Natus Vincere po raz drugi dzisiaj pokonało G2 Esports w ramach rozgrywek czwartego sezonu ESL Pro League. Francuzi ulegli swoim przeciwnikom również na de_train , które zakończyło się wynikiem 16:11 dla Na`Vi

Mapa spotkania: Train.

Po raz kolejny Natus Vincere wygrało rundę pistoletową. Zwycięzcy pierwszego spotkania rozpoczęli jako terroryści o od razu przystąpili do ofensywy. Fakt, grające eco G2 nie stanowiło dla nich problemu , co przełożyło się na początkowy wynik 3:0. Francuzi jednak nie poradzili sobie w pierwszym fullu, dlatego też po raz kolejny nie mogli zagrać z pełnym ekwipunkiem. Takiej okazji nie zaprzepaściło Na`Vi, które już po chwili prowadziło 5:0. Tylko dlatego, że po pięciu porażkach z rzędu drużyna przegrywająca dostaje więcej pieniędzy, antyterroryści mogli zakupić wszystkie potrzebne im przedmioty i to w dużej mierze przełożyło się na pierwszy zdobyty przez nich punkt. Mało brakowało, a straciliby kolejny, ale RpK do spółki z ScreaM'em pozostali na straży i uratowali swoją drużynę. Jednak tak nie można grać długo. Już w następnym starciu , terroryści zabili wszystkich przeciwników, czym samym po raz kolejny zresetowali ich budżet. Na`Vi prowadziło już 8:2 i dopiero wtedy obrona G2 zadziałała jak powinna. Francuska drużyna zdobyła jeszcze kolejny punkt, po którym po raz kolejny zobaczyliśmy tryumfujących terrorystów. Natus Vincere nie oddało już dwóch ostatnich rund i wygrało pierwszą połowę 11:4. Czy G2 było w stanie powtórzyć sukces przeciwników z pierwszego meczu, w którym to Na`Vi przegrywając pierwszą połowę 4:11 wygrało całe spotkanie 16:12?

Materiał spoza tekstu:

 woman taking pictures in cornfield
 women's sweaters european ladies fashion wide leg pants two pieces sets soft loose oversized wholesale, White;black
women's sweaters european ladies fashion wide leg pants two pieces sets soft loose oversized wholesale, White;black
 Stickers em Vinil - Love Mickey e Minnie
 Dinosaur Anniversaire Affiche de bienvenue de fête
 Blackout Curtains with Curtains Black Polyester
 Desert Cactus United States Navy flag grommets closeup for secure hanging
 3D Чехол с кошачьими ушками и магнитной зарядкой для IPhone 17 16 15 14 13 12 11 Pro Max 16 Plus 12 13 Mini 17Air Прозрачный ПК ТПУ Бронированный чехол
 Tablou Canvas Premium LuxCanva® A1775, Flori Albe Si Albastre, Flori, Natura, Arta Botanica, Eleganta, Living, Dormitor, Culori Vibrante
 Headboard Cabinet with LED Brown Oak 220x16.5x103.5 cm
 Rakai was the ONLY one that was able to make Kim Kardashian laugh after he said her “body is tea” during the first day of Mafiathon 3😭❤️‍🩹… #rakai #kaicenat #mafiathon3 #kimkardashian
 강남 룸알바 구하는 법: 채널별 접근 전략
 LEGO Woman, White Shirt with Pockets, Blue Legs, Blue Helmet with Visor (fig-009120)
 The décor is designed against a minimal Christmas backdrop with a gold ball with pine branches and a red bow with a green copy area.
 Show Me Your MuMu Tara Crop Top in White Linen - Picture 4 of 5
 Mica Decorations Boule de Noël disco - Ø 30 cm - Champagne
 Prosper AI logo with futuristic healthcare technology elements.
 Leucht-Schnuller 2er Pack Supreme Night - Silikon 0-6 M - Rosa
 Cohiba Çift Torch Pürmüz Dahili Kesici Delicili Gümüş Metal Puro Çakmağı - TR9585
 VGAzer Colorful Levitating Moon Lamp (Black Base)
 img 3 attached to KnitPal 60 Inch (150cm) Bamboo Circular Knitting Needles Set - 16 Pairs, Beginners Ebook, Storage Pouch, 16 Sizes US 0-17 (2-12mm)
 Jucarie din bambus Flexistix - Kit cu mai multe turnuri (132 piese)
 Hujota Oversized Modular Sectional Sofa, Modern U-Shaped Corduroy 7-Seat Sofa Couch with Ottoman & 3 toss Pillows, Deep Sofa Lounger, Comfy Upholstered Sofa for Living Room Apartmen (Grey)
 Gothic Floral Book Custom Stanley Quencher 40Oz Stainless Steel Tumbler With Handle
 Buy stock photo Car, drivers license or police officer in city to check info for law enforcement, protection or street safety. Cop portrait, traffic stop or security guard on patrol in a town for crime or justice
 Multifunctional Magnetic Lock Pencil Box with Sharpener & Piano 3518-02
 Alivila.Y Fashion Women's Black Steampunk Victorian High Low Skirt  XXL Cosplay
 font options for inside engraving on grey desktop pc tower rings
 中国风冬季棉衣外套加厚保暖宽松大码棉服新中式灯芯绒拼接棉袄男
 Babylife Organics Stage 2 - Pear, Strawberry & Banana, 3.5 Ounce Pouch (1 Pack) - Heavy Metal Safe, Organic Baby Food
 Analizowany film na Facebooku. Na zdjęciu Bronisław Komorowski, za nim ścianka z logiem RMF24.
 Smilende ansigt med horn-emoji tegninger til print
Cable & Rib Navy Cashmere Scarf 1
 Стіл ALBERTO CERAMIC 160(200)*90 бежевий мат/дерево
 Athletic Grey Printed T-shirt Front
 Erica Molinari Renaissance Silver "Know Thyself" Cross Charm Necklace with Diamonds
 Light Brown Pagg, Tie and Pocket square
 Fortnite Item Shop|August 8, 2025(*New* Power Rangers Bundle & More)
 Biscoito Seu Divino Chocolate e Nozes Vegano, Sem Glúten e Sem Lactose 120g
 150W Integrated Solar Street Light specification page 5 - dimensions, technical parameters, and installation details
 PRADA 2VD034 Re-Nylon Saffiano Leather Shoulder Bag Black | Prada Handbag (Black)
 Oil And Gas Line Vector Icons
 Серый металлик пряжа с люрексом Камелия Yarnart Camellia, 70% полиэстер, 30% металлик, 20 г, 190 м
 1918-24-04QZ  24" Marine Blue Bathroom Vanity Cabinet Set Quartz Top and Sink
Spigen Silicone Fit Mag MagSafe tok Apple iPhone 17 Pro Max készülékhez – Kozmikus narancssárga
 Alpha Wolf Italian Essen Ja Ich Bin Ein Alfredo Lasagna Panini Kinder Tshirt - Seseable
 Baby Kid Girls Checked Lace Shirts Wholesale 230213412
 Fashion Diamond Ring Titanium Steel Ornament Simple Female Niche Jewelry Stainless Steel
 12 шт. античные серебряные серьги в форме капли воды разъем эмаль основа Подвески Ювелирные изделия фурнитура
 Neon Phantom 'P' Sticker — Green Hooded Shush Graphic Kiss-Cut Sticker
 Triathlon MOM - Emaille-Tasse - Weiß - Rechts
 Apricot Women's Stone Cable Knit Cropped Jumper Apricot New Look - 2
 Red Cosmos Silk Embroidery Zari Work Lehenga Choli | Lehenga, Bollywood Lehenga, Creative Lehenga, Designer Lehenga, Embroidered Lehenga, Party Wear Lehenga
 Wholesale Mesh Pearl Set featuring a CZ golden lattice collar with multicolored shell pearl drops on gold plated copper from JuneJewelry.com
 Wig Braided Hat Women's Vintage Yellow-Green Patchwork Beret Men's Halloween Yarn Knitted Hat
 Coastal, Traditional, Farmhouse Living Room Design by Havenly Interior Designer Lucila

Natus Vincere po raz kolejny okazało się lepsze w pistoletówce oraz w następnej rundzie, w której G2 grało eco. Trzecie starcie tej połowy należało do terrorystów, którzy poszli za ciosem i wygrali swój szósty punkt. Na`Vi nie pozwoliło jednak, aby ich przeciwnicy kontynuowali tę serię i skutecznie odbili bombsite oraz rozbroili bombę. Francuzi nie pozostali bierni i tym razem to oni rozpoczęli comeback, w którym wygrali już cztery rundy z rzędu. Z czterema pistoletami i jedną zachowaną AWP, antyterroryści stawili czoła atakującemu G2 i stanęli o krok od kolejnego zwycięstwa, jednak to Alexandre „bodyy” Pianarro okazał się być górą i wygrał niesamowitego clutcha 1 vs 4! Egor „flamie” Vasilyev stwierdził, że najwyższy czas kończyć to spotkanie i zakupiony przez niego SCAR-20 w ogromnej mierze pomógł swojej drużynie, która następnie wykorzystała pierwszą sytuację i wygrała de_train – 16:11.